§ EXERCISE: Here the job is to transcribe only the lines from the one containing "Discover how SAUDIA" through the last line below, exactly as written; please leave out pictures.

Stored entries:
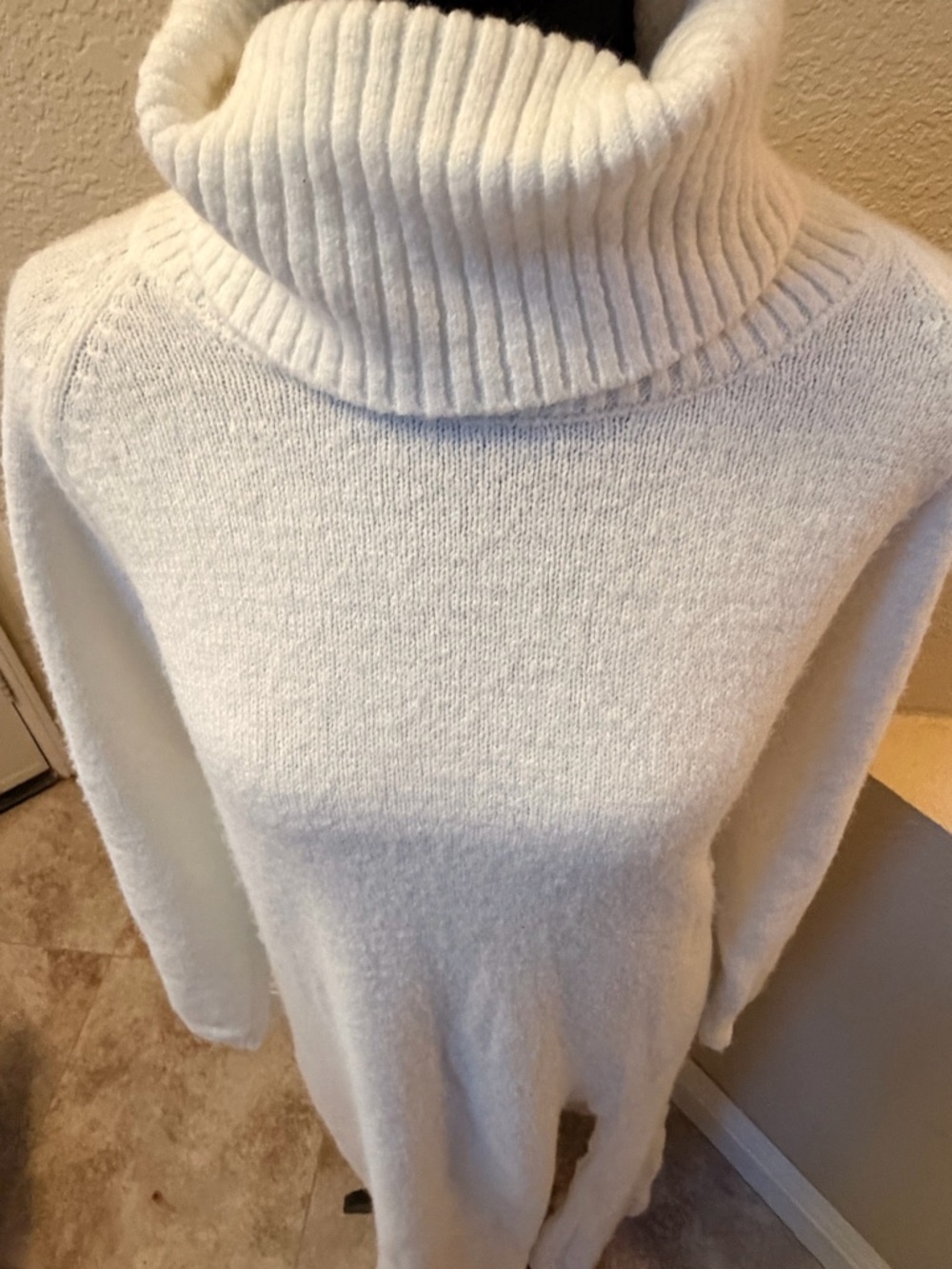 Zena White Knit Pullover Sweater - Picture 5 of 6
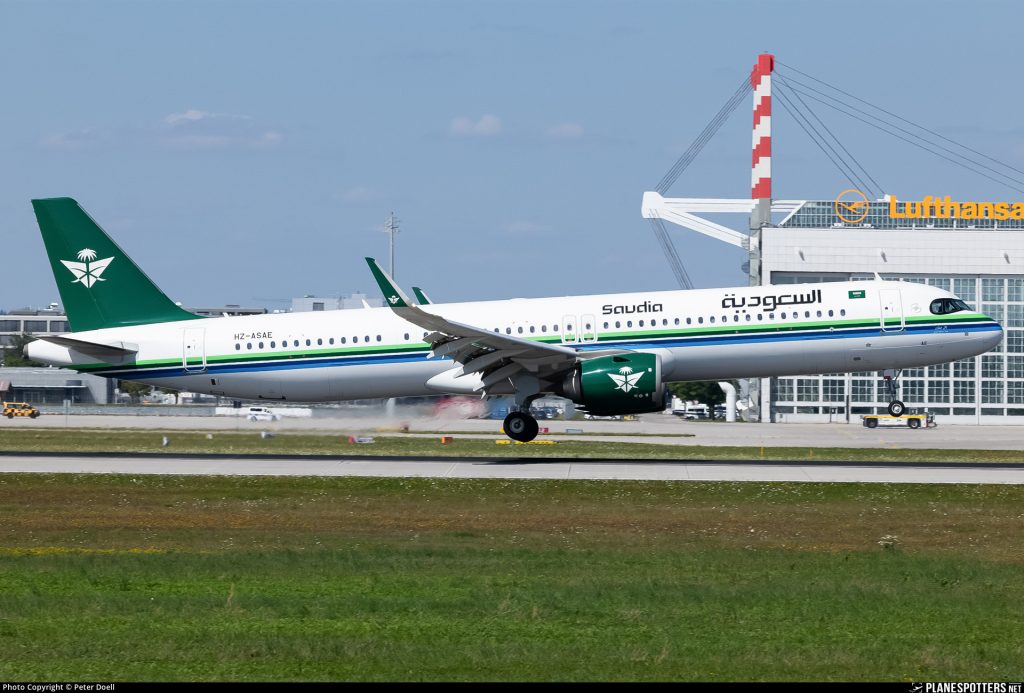 Discover how SAUDIA will deploy its premium 144‑seat Airbus A321XLR fleet from 2026, reshaping key routes with long‑haul comfort and strategic efficiency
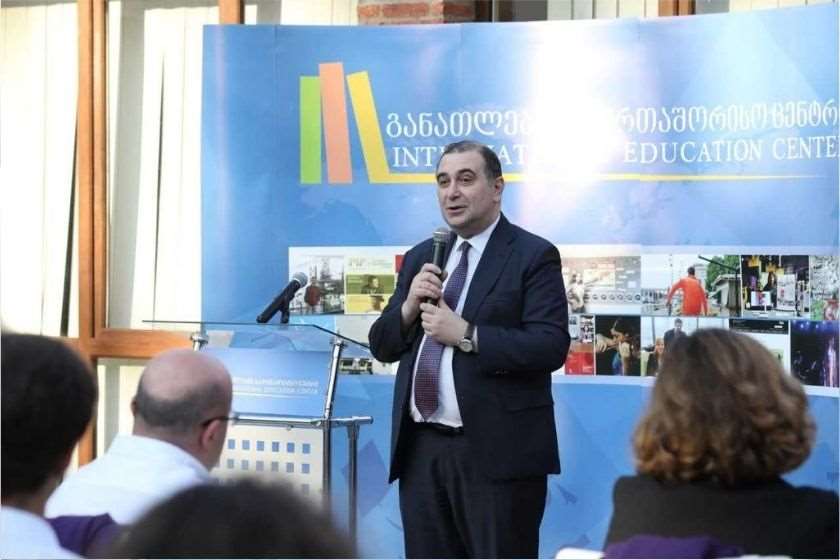 მიხეილ ჩხენკელი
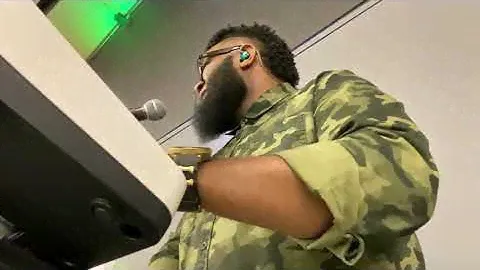 Audio2000'S In-Ear Audio Monitor System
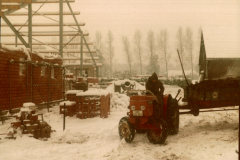 1980-Hallenumbau-Winter-Geruest-alter-Trecker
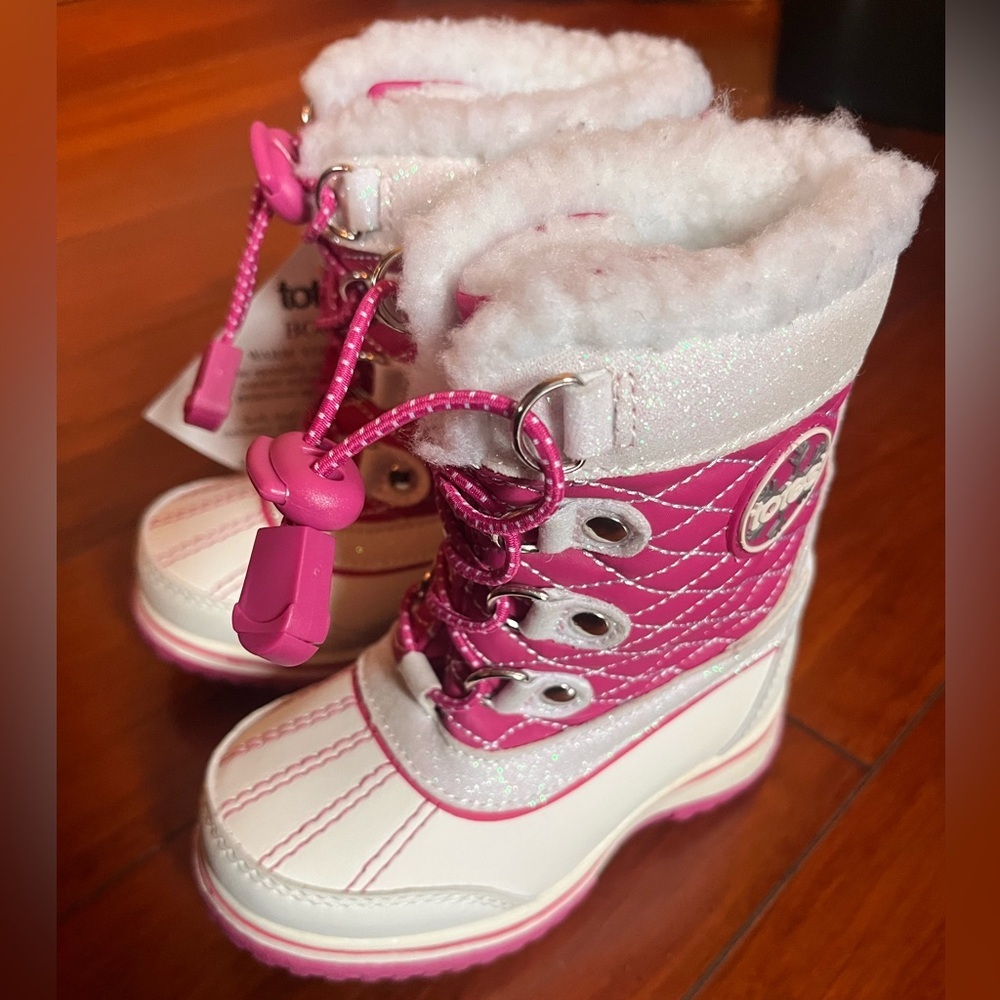 Size 7 Girl’s (Toddler’s) Totes Pink and White Winter Snow Boots NWT
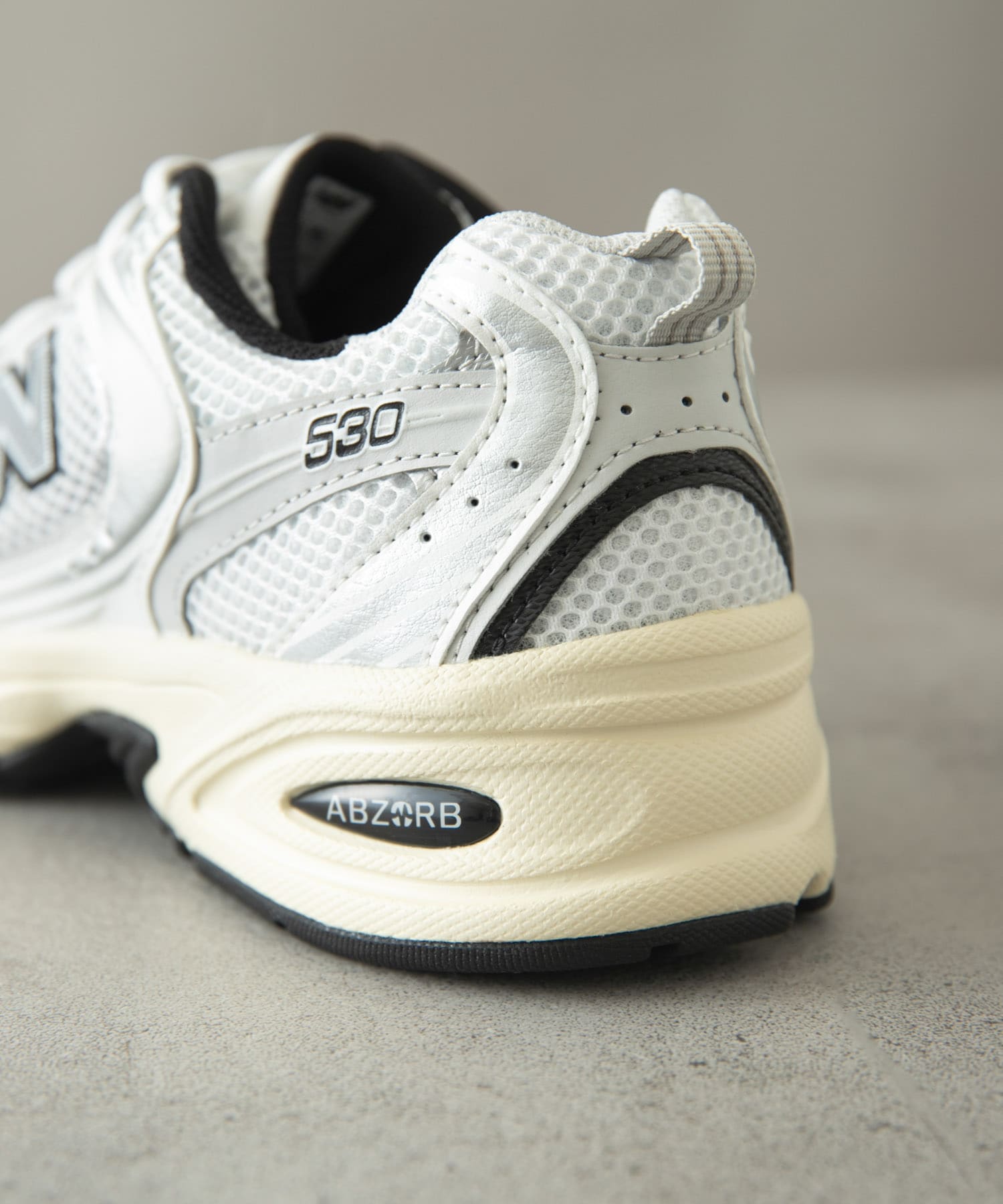 NEW BALANCE　MR530TA SILVER 26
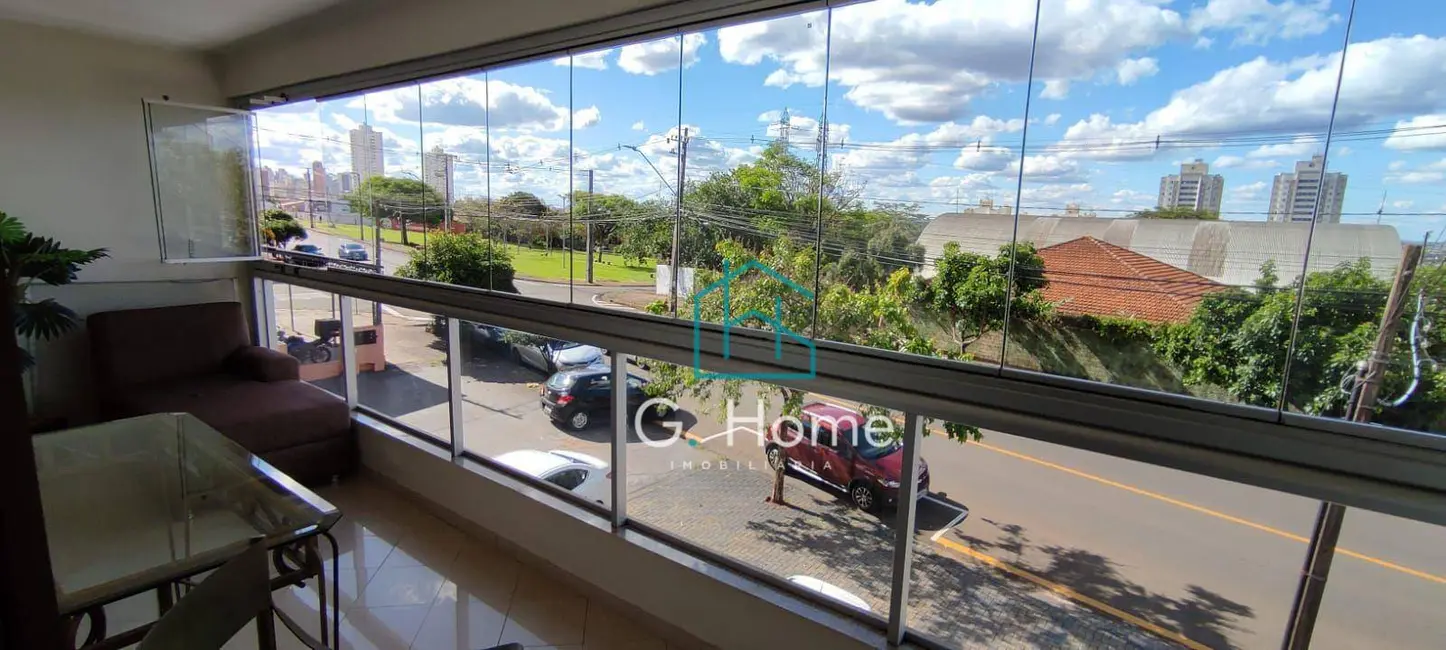 Sobrado com 3 quartos à venda, 360m2 em Antares, Londrina - PR - imagem 7 Foto 7 de Sobrado com 3 quartos à venda, 360m2 em Antares, Londrina - PR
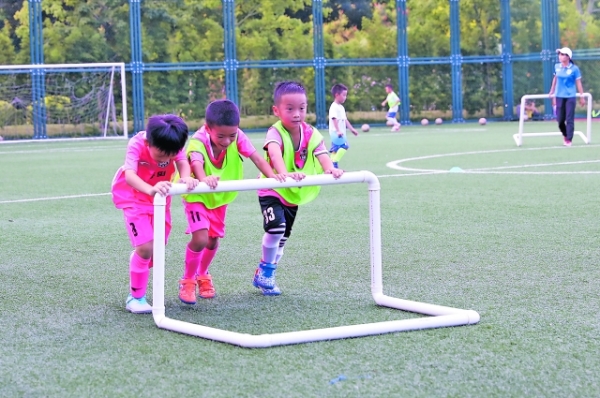 快乐的运动场“寂寞”的课桌椅——直击“双减”后开学首个周末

§ SOLUTION TO THE PROBLEM:
 Discover how SAUDIA will deploy its premium 144‑seat Airbus A321XLR fleet from 2026, reshaping key routes with long‑haul comfort and strategic efficiency
 მიხეილ ჩხენკელი
 Audio2000'S In-Ear Audio Monitor System
 1980-Hallenumbau-Winter-Geruest-alter-Trecker
 Size 7 Girl’s (Toddler’s) Totes Pink and White Winter Snow Boots NWT
 NEW BALANCE　MR530TA SILVER 26
 Sobrado com 3 quartos à venda, 360m2 em Antares, Londrina - PR - imagem 7 Foto 7 de Sobrado com 3 quartos à venda, 360m2 em Antares, Londrina - PR
 快乐的运动场“寂寞”的课桌椅——直击“双减”后开学首个周末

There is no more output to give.